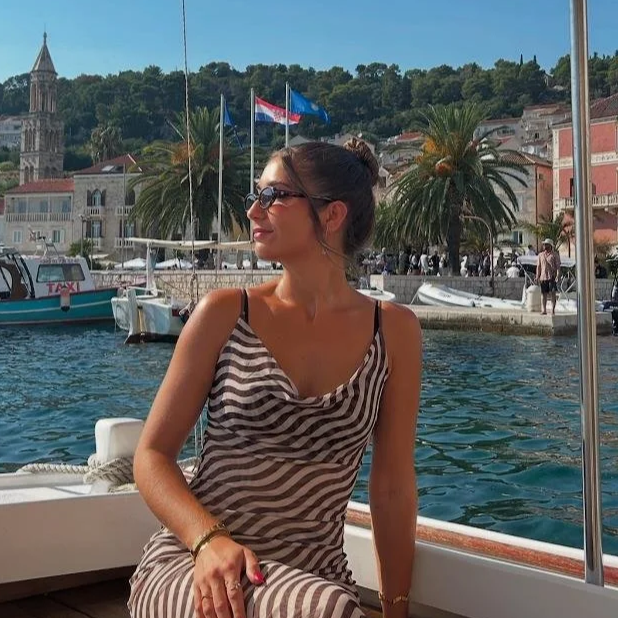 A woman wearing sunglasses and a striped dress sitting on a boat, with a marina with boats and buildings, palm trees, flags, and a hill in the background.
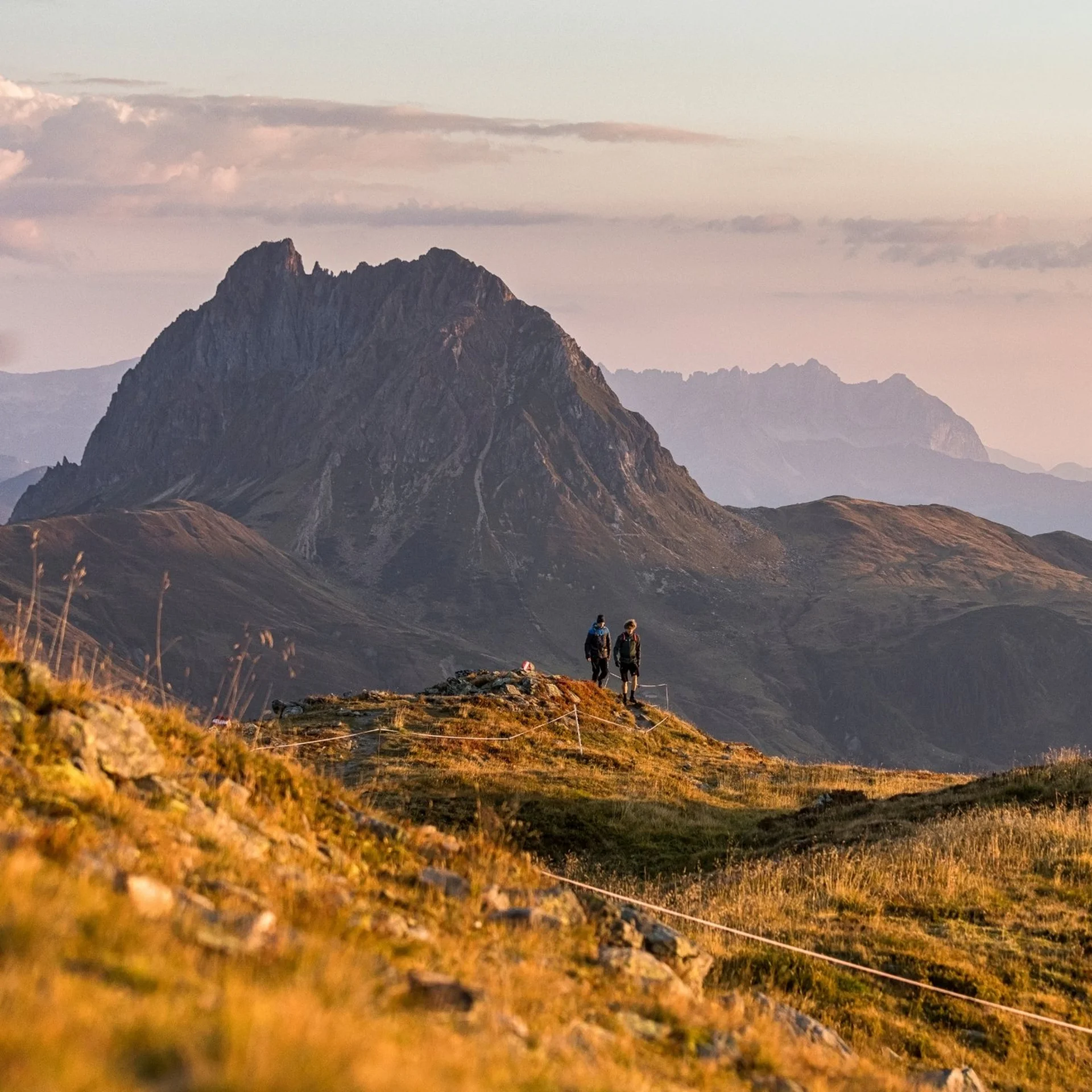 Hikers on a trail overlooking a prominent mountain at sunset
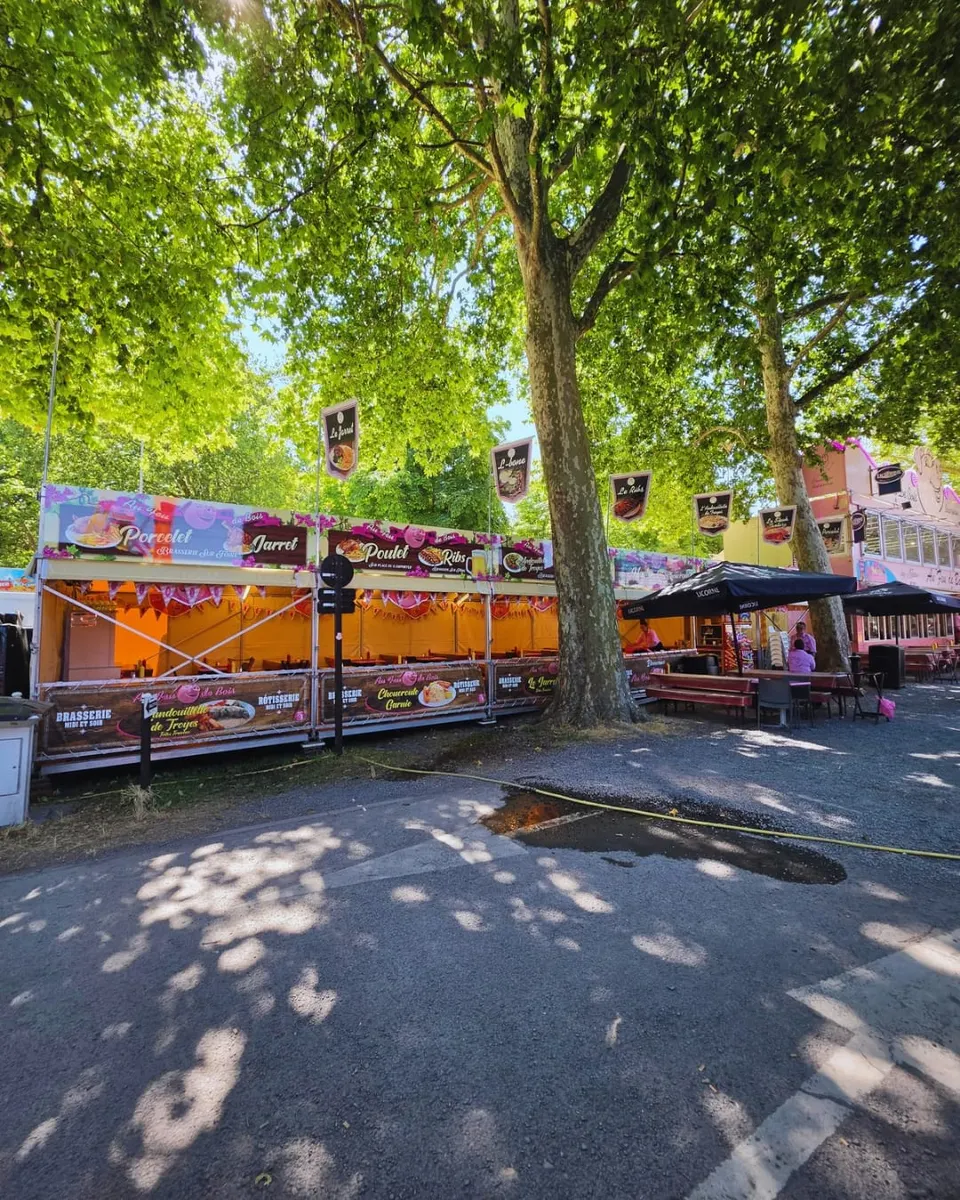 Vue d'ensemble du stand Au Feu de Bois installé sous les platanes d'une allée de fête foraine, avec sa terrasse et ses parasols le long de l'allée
-*-*-
▸ What this task involves
The lines to copy run from the one with "Hikers on a" through the end of the material. Write them out exactly, leaving out the pictures.

▸ Expected answer
 Hikers on a trail overlooking a prominent mountain at sunset
 Vue d'ensemble du stand Au Feu de Bois installé sous les platanes d'une allée de fête foraine, avec sa terrasse et ses parasols le long de l'allée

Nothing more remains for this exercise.